DESCRIPTION (provided by applicant): Over 34 million people are currently living with HIV/AIDS. Combination antiviral therapies have significantly reduced the morbidity and mortality of the disease; however, there is currently no cure for the disease. Discovery that a naturally occurring variant of CCR5, the delta32 mutation, renders cells resistant to HIV infection has led to efforts by several academic laboratories and biotech companies to find gene therapy approaches to mimic the delta32 mutation. This project will demonstrate the feasibility of using peptide nucleic acids (PNAs) as a therapeutic to genetically truncate the CCR5 protein in CD34+ stem cells and block HIV cell entry. Preliminary experiments that modified the CCR5 gene used a targeting PNA with a donor DNA sequence to induce a stop codon near the delta32 mutation. In this Phase I project, we will develop a novel strategy for PNA-induced CCR5 gene modification to increase the CD34+ mutation frequency to clinically useful levels. Specific Aim 1 experiments will test the feasibility of a PNA targeting strategy where we will conjugate DNA strand breaking molecules directly to the PNA to induce site specific breaks in the CCR5 gene. Mutagenic repair of these breaks via the error-prone non-homologous end joining pathway will lead to frameshift mutations and a truncated CCR5 protein. This repair mechanism is expected to generate a significant increase in CCR5 frameshift mutations. In Specific Aim 2 experiments, we will compare clinically relevant PNA delivery methods for modification of the CCR5 gene in human CD34+ stem cells. A successful Phase I project will identify PNA conjugates and delivery methods suitable for a Phase II project that will use our novel strategy to establish HIV-resistant T cells in the humanized mouse model of HIV infection. Our long- term goal is to develop a highly specific clinical PNA conjugate CCR5 gene modification protocol that will create HIV-resistant immune cells in HIV patients and reduce their need for long-term antiretroviral therapy.

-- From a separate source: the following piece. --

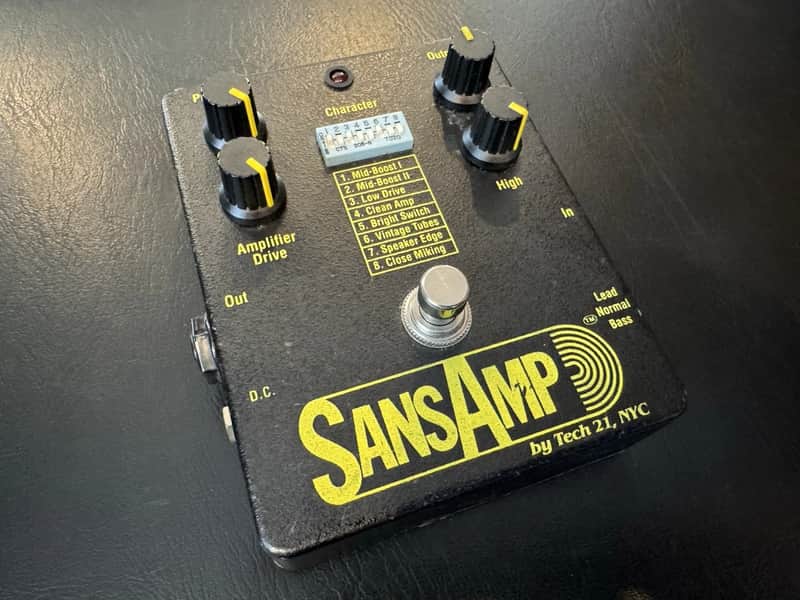 Tech 21 SansAmp Original | Reverb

描述（由申请人提供）：目前有超过 3400 万人感染艾滋病毒/艾滋病。联合抗病毒疗法显着降低了该病的发病率和死亡率；然而，目前尚无治愈该疾病的方法。发现 CCR5 的天然变异体 delta32 突变可使细胞对 HIV 感染具有抵抗力，这促使一些学术实验室和生物技术公司努力寻找模仿 delta32 突变的基因治疗方法。该项目将证明使用肽核酸 (PNA) 作为治疗剂来基因截断 CD34+ 干细胞中的 CCR5 蛋白并阻止 HIV 细胞进入的可行性。修饰 CCR5 基因的初步实验使用带有供体 DNA 序列的靶向 PNA，在 delta32 突变附近诱导终止密码子。在这个第一阶段项目中，我们将开发一种 PNA 诱导的 CCR5 基因修饰的新策略，以将 CD34+ 突变频率提高到临床有用的水平。具体目标 1 实验将测试 PNA 靶向策略的可行性，其中我们将 DNA 链断裂分子直接与 PNA 结合，以诱导 CCR5 基因中的位点特异性断裂。通过容易出错的非同源末端连接途径对这些断裂进行诱变修复将导致移码突变和截短的 CCR5 蛋白。这种修复机制预计会导致 CCR5 移码突变显着增加。在特定目标 2 实验中，我们将比较用于修饰人类 CD34+ 干细胞中 CCR5 基因的临床相关 PNA 递送方法。成功的第一阶段项目将确定适合第二阶段项目的 PNA 缀合物和递送方法，该项目将使用我们的新策略在 HIV 感染的人源化小鼠模型中建立 HIV 抗性 T 细胞。我们的长期目标是开发一种高度特异性的临床 PNA 结合物 CCR5 基因修饰方案，该方案将在 HIV 患者中产生抗 HIV 免疫细胞，并减少他们对长期抗逆转录病毒治疗的需求。